● WHAT THIS TASK INVOLVES
In the listing below, locate the line with "Ayurveda Journal Heft" and the line with "Спойлер переднего бампера", then output both and everything between them exactly, minus any pictures.

● EXERCISE DATA

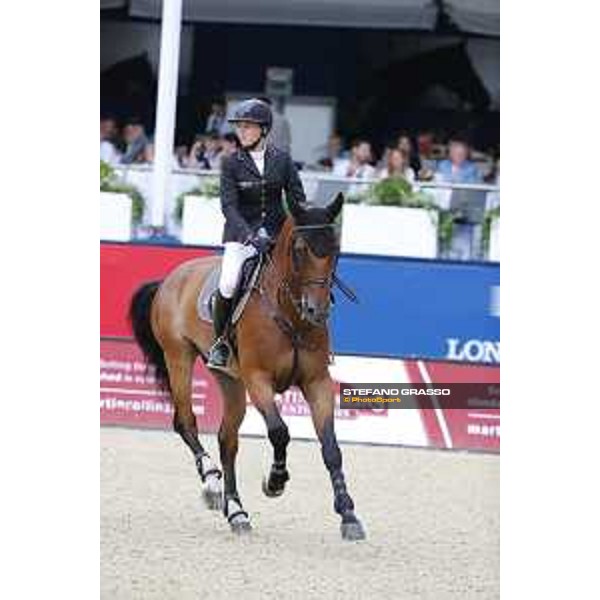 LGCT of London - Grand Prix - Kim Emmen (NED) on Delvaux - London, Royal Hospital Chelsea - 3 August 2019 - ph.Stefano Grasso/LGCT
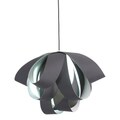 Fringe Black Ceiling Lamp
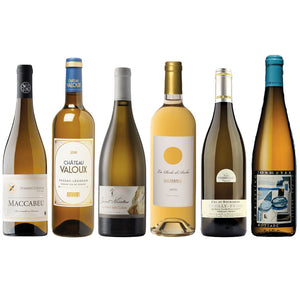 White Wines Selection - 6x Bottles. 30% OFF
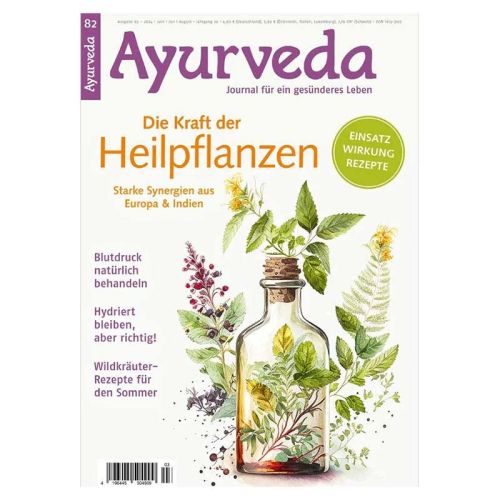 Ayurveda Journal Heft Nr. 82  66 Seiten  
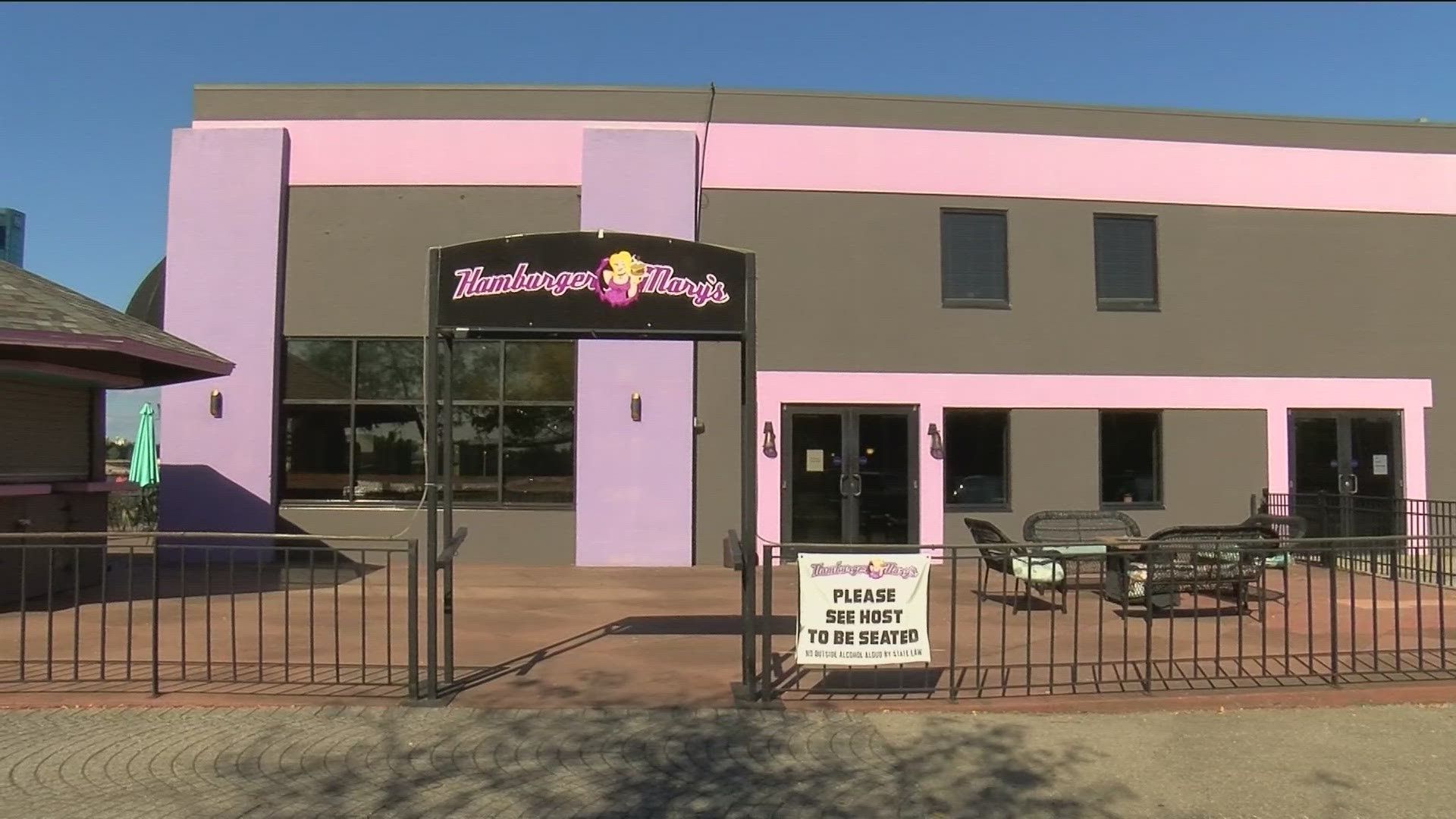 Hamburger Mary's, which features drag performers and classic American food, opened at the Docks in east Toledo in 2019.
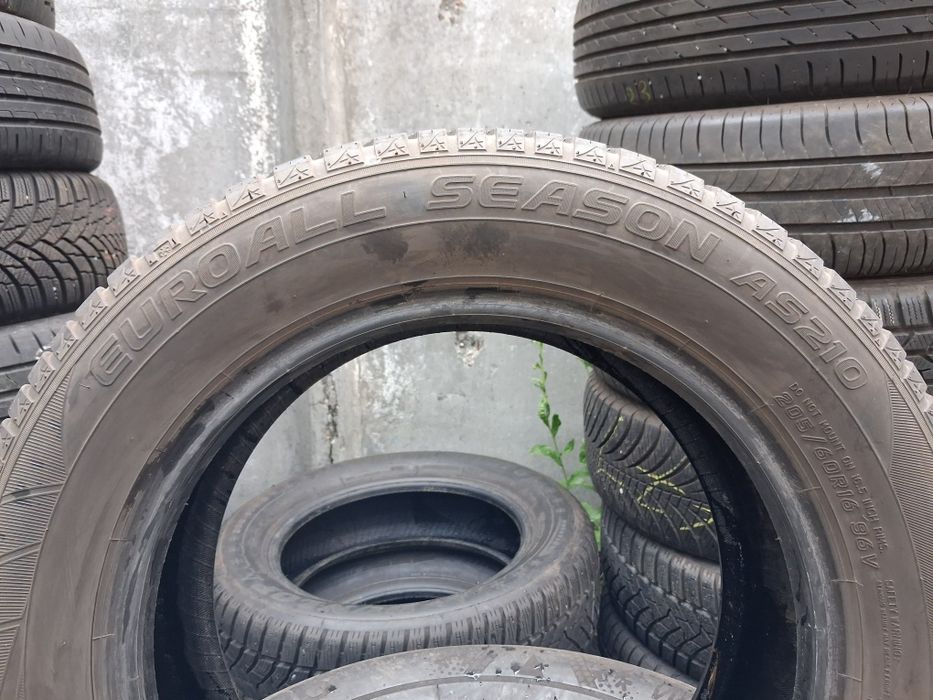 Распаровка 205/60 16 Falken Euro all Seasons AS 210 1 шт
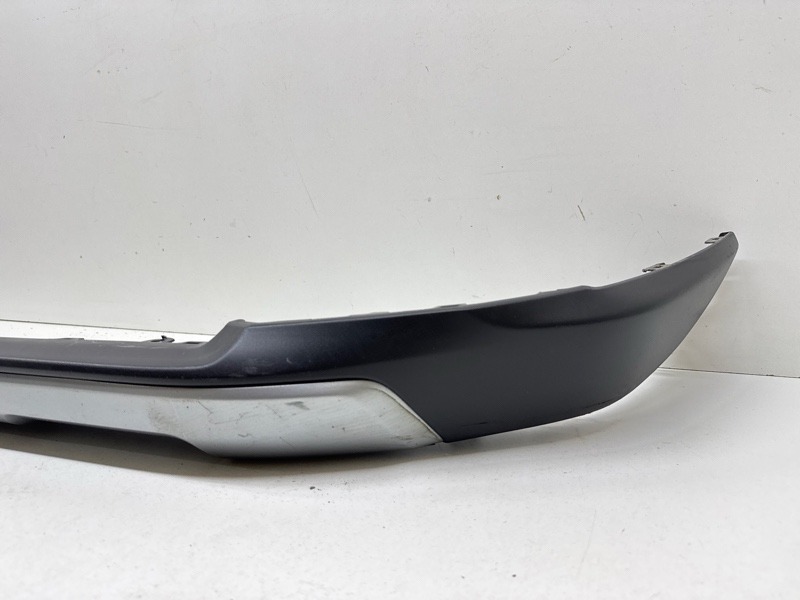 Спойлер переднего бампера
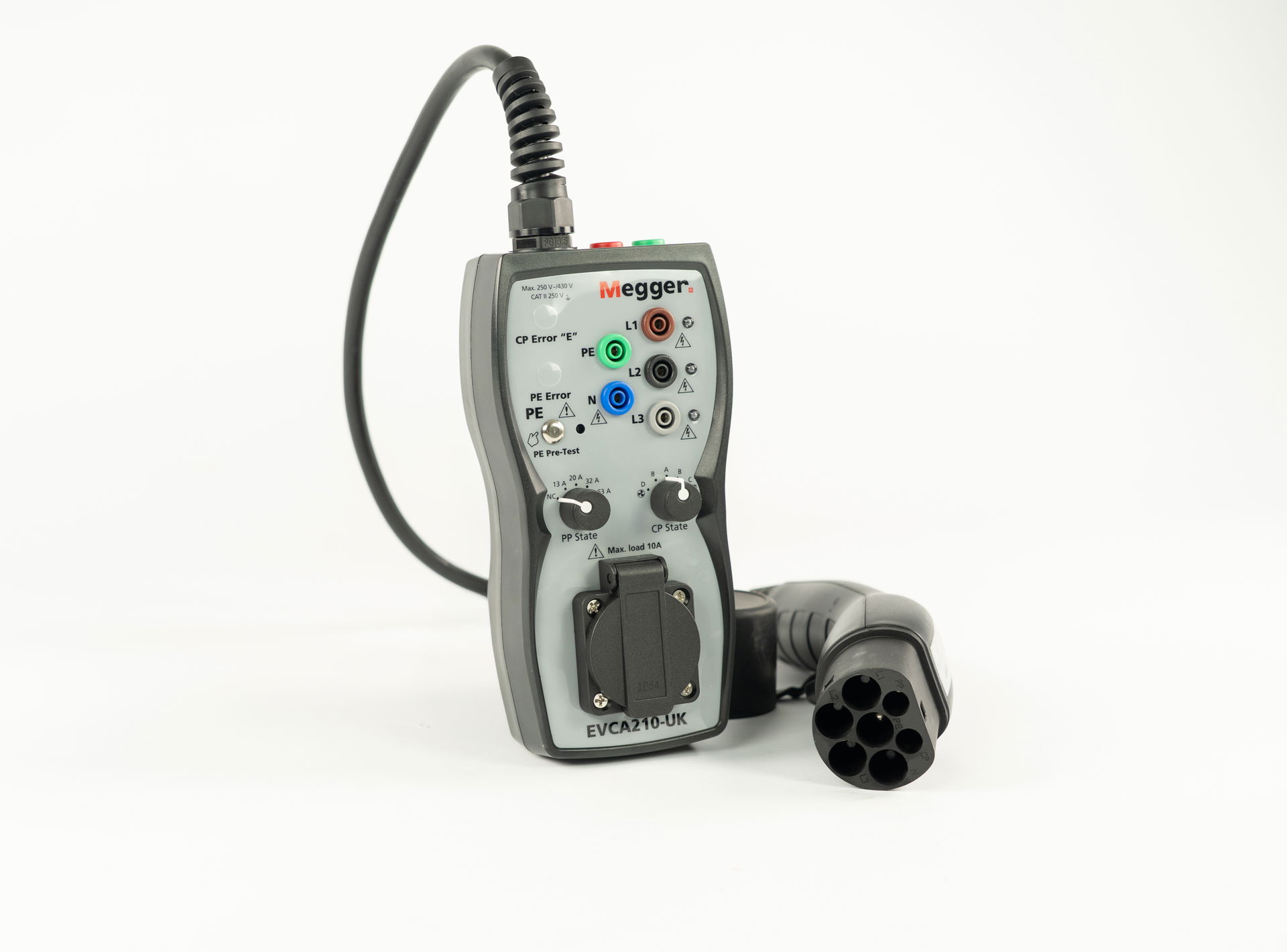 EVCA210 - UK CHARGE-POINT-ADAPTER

● WRITTEN SOLUTION
 Ayurveda Journal Heft Nr. 82  66 Seiten  
 Hamburger Mary's, which features drag performers and classic American food, opened at the Docks in east Toledo in 2019.
 Распаровка 205/60 16 Falken Euro all Seasons AS 210 1 шт
 Спойлер переднего бампера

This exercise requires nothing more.